In high school, we trained at Faurot Park in Lima, Ohio. That also happened to be where our home course was in cross country, and it was one of the most hated courses in the area. We had one hill (that you had to run up three separate times) that looked like a wall from a distance. The whole course was hilly and slick, and unless you really knew how to run it, you could be in a lot of trouble.
The added benefit for us, of course, was that we trained there, too. So, having the most hills in the area, we learned how to use the ups and downs of various courses to our advantage, and other courses always felt easier.
These hills gave us an advantage over every other team.
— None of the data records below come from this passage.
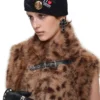 1JINN leopard faux fur cropped vest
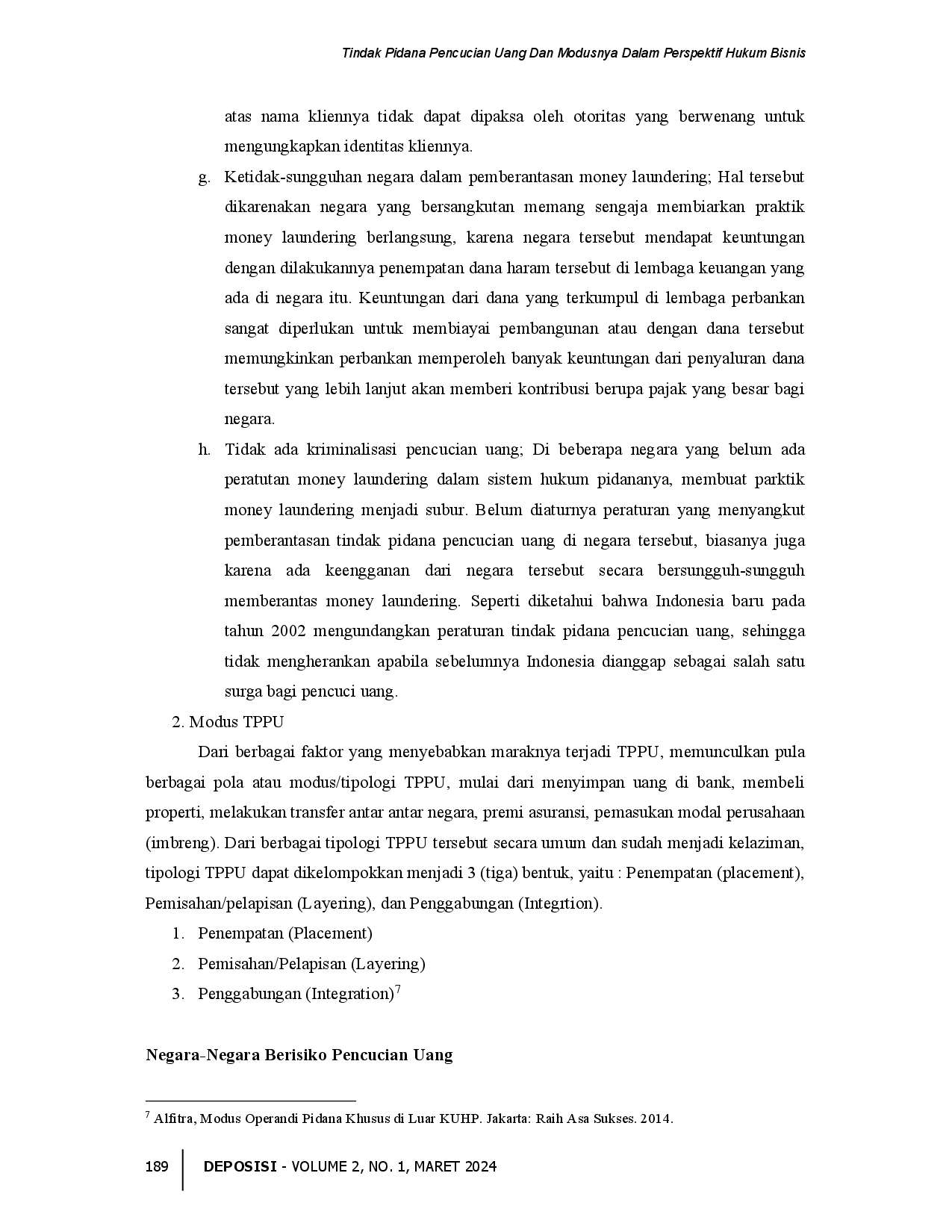 juris Tindak Pidana Pencucian Uang Dan Modusnya Dalam Perspektif Hukum Bisnis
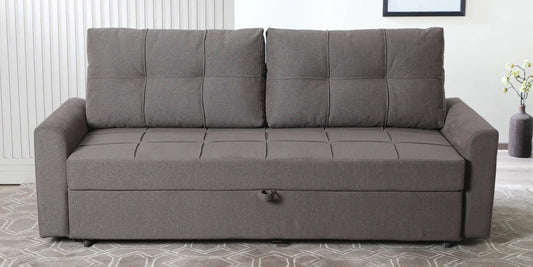 Fabric Pull Out Sofa Cum Bed In Sandy Brown Colour With Storage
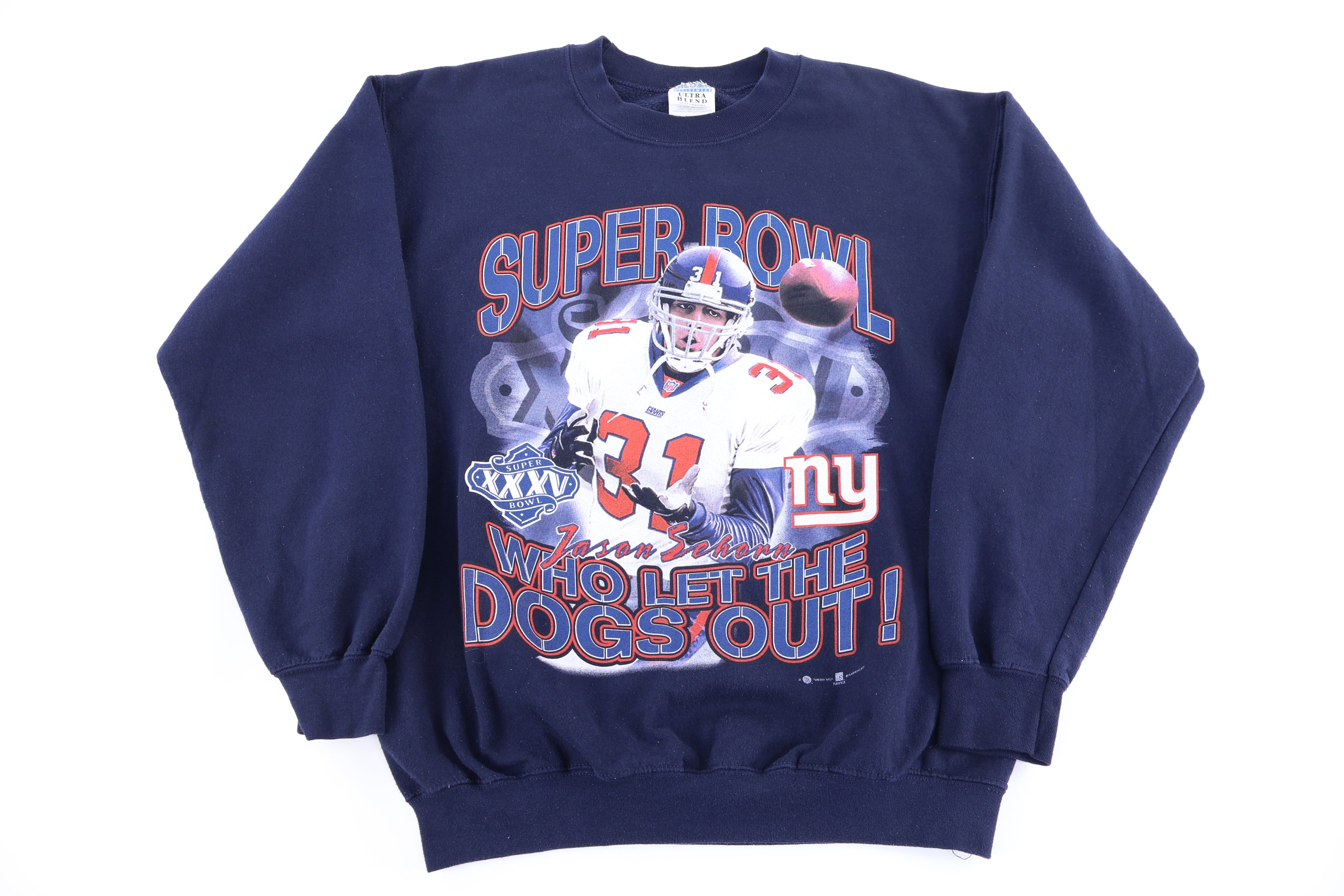 2001 Jason Sehorn New York Giants Who Let The Dogs Out Sweatshirt - sweatshirt - Thrifted Threads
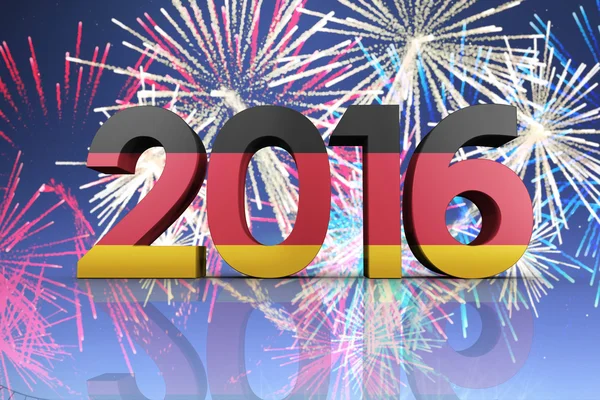 2016 graphic against colourful fireworks — Stock Photo, Image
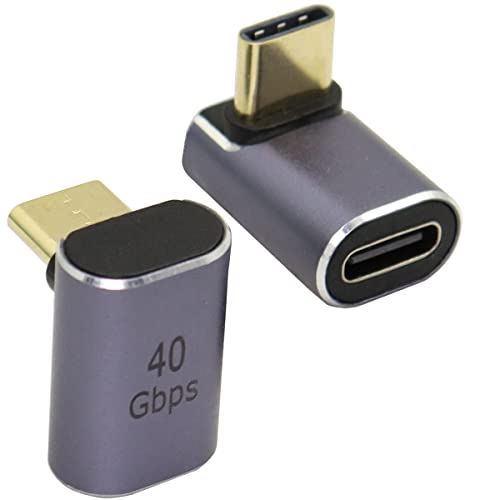 QIANRENON Adaptador USB C de 90 ° Tipo C hembra a macho Acoplador de ángulo recto USB4.0 40 Gbps Transferencia de datos Tipo C OTG para portátil Tablet Phone Paquete de 2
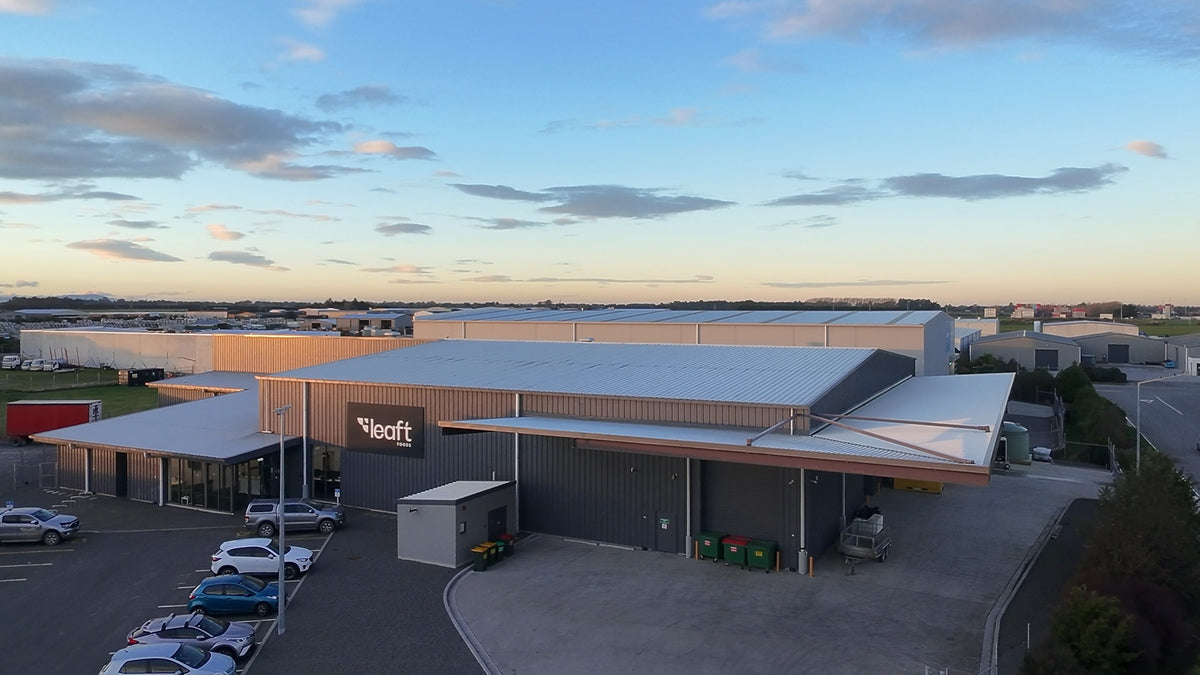 The Leaft Foods plant at Rolleston, Canterbury, from the air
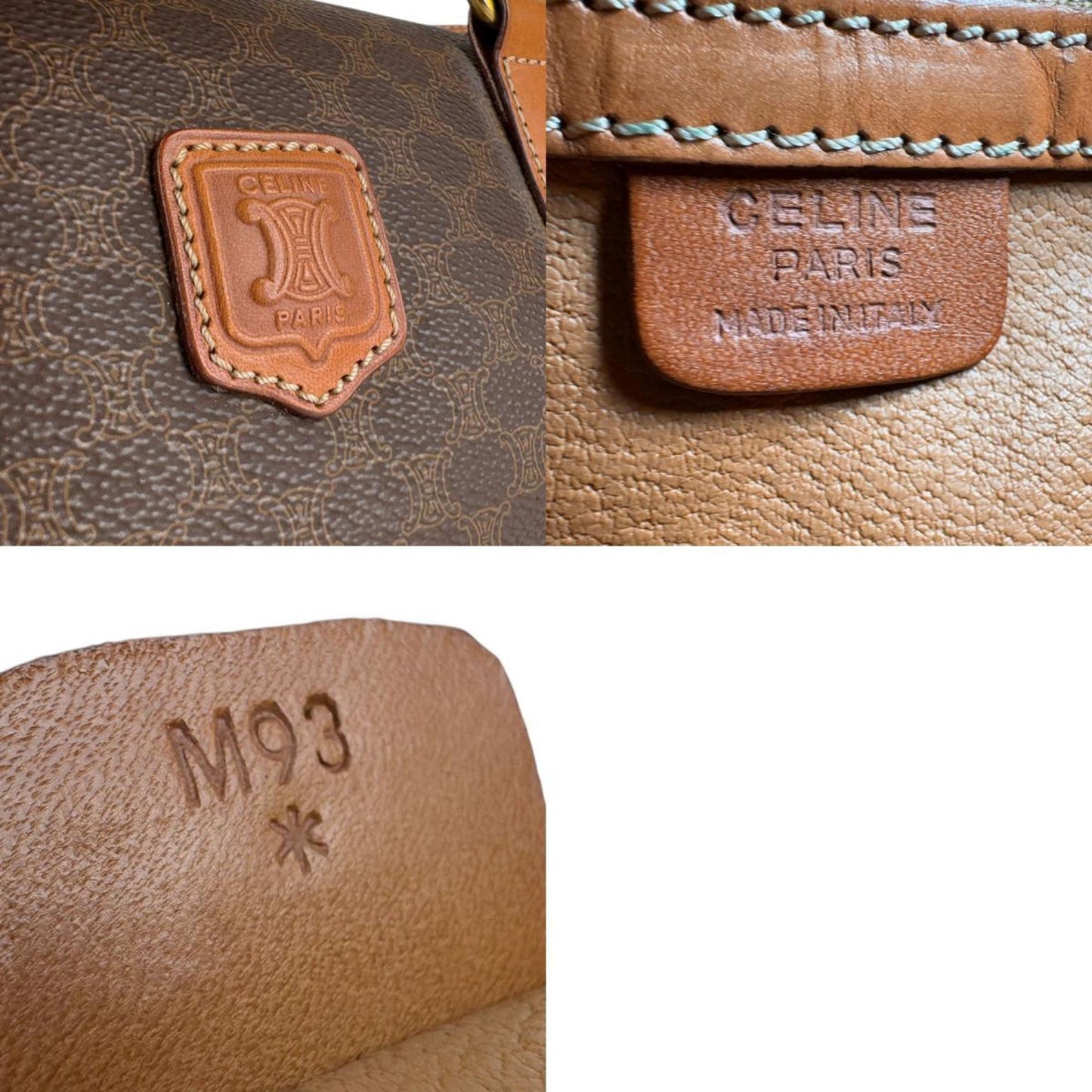 Celine Handbag In Brown Macadam Coated Canvas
It wasn't enough to win championships, but it certainly made us better than we would have been.
But then came the years without running. In the time between, I lost all of that mental strength and will to conquer mountains that made me a fighter in high school. Now, I do my best to push the straightaways and downhills, and just hope that I don't lose too much time on the ups. This is not the way to guarantee success, and since the people over at the Sunburst Races decided their hill in mile 23 is mean enough to deserve a name, I've got to be ready.
Therefore, instead of speed work today, I decided to do strength work. Quarter-mile repeats just didn't sound like any fun, so instead, I decided to jog out to a hill about a mile and a half from home and do some up-and-downs. I would run hard up the hill, jog down the other side, and then do the same thing in the other direction. The whole thing from one side to the other was about .4 miles, and I did three back-and-forths without stopping. On the last up, I was exhausted, and my legs were absolutely burning. This was only six hills. I could be in trouble here.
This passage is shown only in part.